{Note: This is unedited from a class paper submitted 1998. My views have evolved from this.}
Earl A. Daniels – March 13, 1998 – Anthropology 201
The debate on the origins of gender stratification is one that will never be completely settled. It is, however, a debate that should be continued. The understanding of the origins of the oppression of women, and the search for that understanding, will help in eliminating some of the remaining social structures that perpetuate inequality.

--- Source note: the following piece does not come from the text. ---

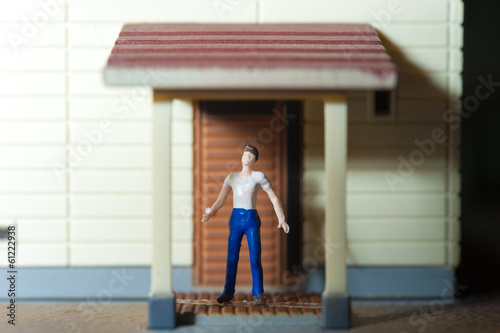 ミニチュアの人形と家の玄関 © beeboys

During the 1970’s, the debate heated up between followers of Marx and Engels who link the oppression of women with the rise of state societies and those who contend that the oppression of women is universal and linked to conditions that existed prior to the rise of the state. During the 1980’s the debate shifted to include a look at how anthropology has denied its subjects their own place in history (Silverblatt 1991).
Anthropology is being reshaped by the increasing entry of women into the field. The view of women in shaping questions and interpreting data is, in many ways, quite foreign to the perspective of men. (Slocum 1975).
Trying to understand the social relationship between men and women is complicated by many factors. Early anthropological studies were conducted by Eurocentric men who clearly underestimated the importance of women’s roles in the cultures that were studied. Expectations of male dominance colored the observations and interpretations. The Eurocentric view also determined what factors were considered in determining equality. Measures of wealth and political power are not useful in determining relative equality between men and women in early cultures, since concepts of personal property and political power were significantly different in these cultures. Better measures of autonomy in these cultures would include a woman’s involvement in community decision making, freedom from coercion and physical abuse, and the ability to leave a marriage without undue sanctions.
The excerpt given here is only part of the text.